A Method for Isolation Bacteriophage Particles-Free Genomic DNA, Exemplified by TP-84, Infecting Thermophilic Geobacillus.

DNA purification methods are indispensable tools of molecular biology, used for many decades. Nevertheless, for certain specialized applications, the currently employed techniques are not sufficiently effective. While examining a number of the existing methods to purify the genomic DNA of the thermophilic bacteriophage TP-84, which infects Geobacillus stearothermophilus (G. stearothermophilus), we have found out that the obtained DNA is contaminated with trace amounts of infectious TP-84 particles. This was detrimental for the bacteriophage genetic manipulation purposes, as finding the recombinant TP-84 clones was essentially impossible due to the appearance of a high background of native bacteriophage plaques. Thus, we have developed a method, which enables the fast and efficient isolation of a bacteriophage genomic DNA from concentrated phage preparations, obtained using CsCl gradient ultracentrifugation, without the need to remove concentrated CsCl solutions. The method employs silica columns and mini-scale isolation of microgram amounts of high quality DNA. It is universal-the silica mini-columns from various manufacturers can be used to conduct the procedure. The purified DNA, free from infectious bacteriophage particles, is ready for further manipulations. This is particularly important for such thermophilic bacteriophages that may partially survive standard isolation procedures and contaminate the final DNA product.

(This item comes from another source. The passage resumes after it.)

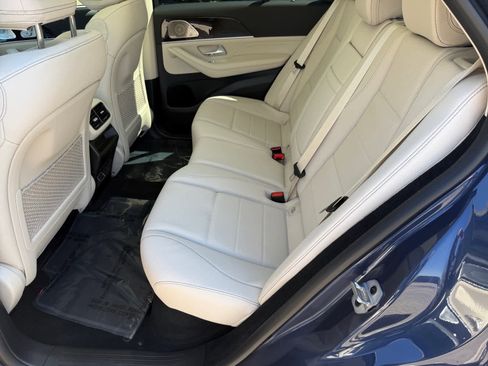 New 2026 Mercedes-Benz GLE 350 4MATIC image 11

Bacteriophages of Thermophilic 'Bacillus Group' Bacteria-A Review.

Bacteriophages of thermophiles are of increasing interest owing to their important roles in many biogeochemical, ecological processes and in biotechnology applications, including emerging bionanotechnology. However, due to lack of in-depth investigation, they are underrepresented in the known prokaryotic virosphere. Therefore, there is a considerable potential for the discovery of novel bacteriophage-host systems in various environments: marine and terrestrial hot springs, compost piles, soil, industrial hot waters, among others. This review aims at providing a reference compendium of thermophages characterized thus far, which infect the species of thermophilic 'Bacillus group' bacteria, mostly from Geobacillus sp. We have listed 56 thermophages, out of which the majority belong to the Siphoviridae family, others belong to the Myoviridae and Podoviridae families and, apparently, a few belong to the Sphaerolipoviridae, Tectiviridae or Corticoviridae families. All of their genomes are composed of dsDNA, either linear, circular or circularly permuted. Fourteen genomes have been sequenced; their sizes vary greatly from 35,055 bp to an exceptionally large genome of 160,590 bp. We have also included our unpublished data on TP-84, which infects Geobacillus stearothermophilus (G. stearothermophilus). Since the TP-84 genome sequence shows essentially no similarity to any previously characterized bacteriophage, we have defined TP-84 as a new species in the newly proposed genus Tp84virus within the Siphoviridae family. The information summary presented here may be helpful in comparative deciphering of the molecular basis of the thermophages' biology, biotechnology and in analyzing the environmental aspects of the thermophages' effect on the thermophile community.